**TASK**
Return each line of the data below that contains the string "Light".

*** Opening AVAILABLE DATA ***

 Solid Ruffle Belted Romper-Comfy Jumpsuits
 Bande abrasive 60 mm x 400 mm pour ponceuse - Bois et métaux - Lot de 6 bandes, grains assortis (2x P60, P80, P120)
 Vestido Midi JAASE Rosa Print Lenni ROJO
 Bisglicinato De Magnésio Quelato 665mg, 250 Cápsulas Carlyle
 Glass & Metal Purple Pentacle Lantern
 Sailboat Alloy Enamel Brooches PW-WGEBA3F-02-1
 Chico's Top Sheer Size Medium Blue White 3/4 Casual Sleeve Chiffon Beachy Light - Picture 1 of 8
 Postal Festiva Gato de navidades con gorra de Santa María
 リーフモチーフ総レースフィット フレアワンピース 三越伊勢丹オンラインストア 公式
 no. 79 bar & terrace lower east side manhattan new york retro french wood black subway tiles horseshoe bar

*** Closing AVAILABLE DATA ***
*** Opening AVAILABLE DATA ***

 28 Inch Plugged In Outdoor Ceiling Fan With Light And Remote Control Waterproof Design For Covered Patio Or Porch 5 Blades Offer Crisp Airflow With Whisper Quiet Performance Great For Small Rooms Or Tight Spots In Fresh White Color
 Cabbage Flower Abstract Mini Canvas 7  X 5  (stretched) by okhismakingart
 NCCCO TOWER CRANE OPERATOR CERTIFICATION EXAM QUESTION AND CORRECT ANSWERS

*** Closing AVAILABLE DATA ***
*** Opening AVAILABLE DATA ***

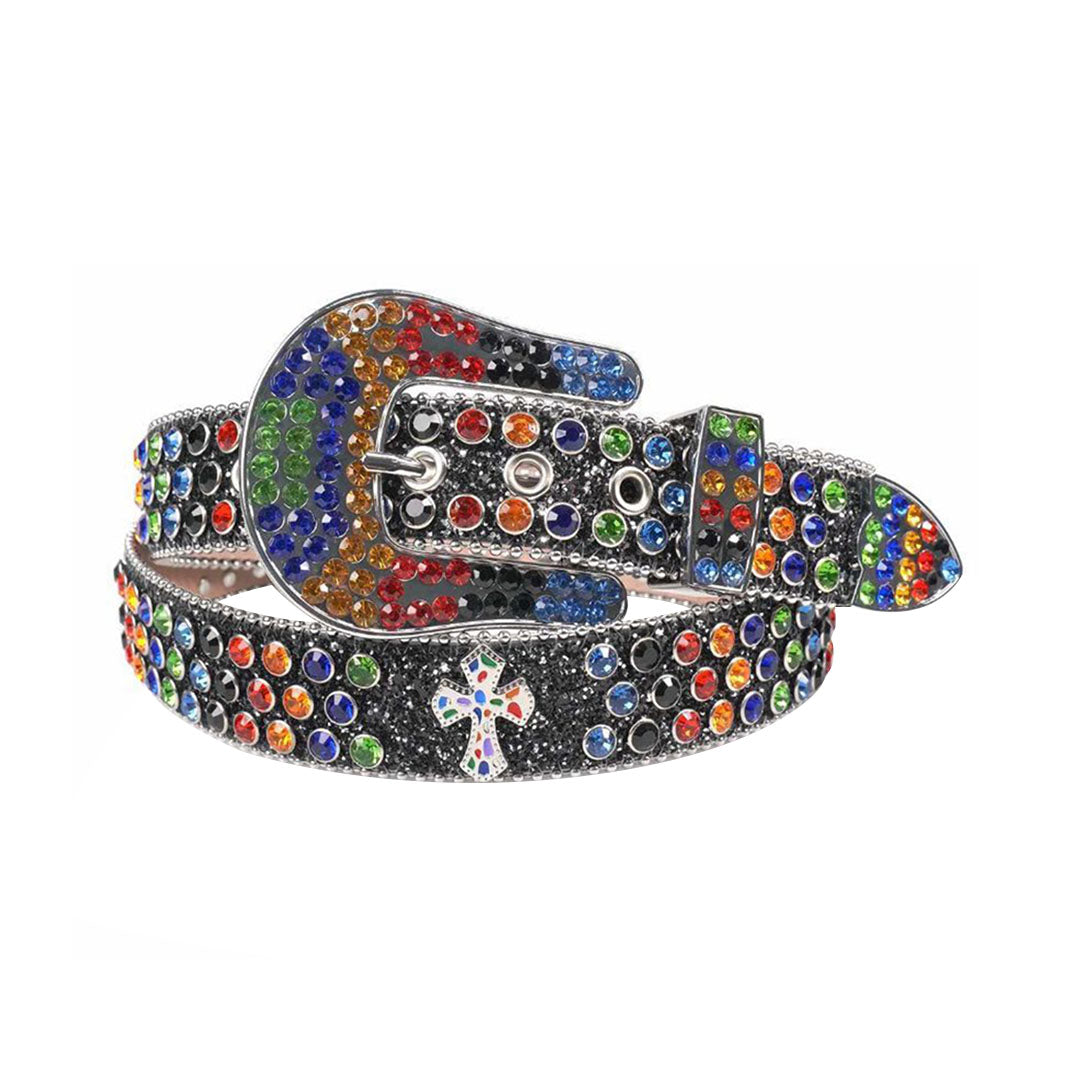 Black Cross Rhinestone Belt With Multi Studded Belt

*** Closing AVAILABLE DATA ***

**OUTPUT BELOW**
 Chico's Top Sheer Size Medium Blue White 3/4 Casual Sleeve Chiffon Beachy Light - Picture 1 of 8
 28 Inch Plugged In Outdoor Ceiling Fan With Light And Remote Control Waterproof Design For Covered Patio Or Porch 5 Blades Offer Crisp Airflow With Whisper Quiet Performance Great For Small Rooms Or Tight Spots In Fresh White Color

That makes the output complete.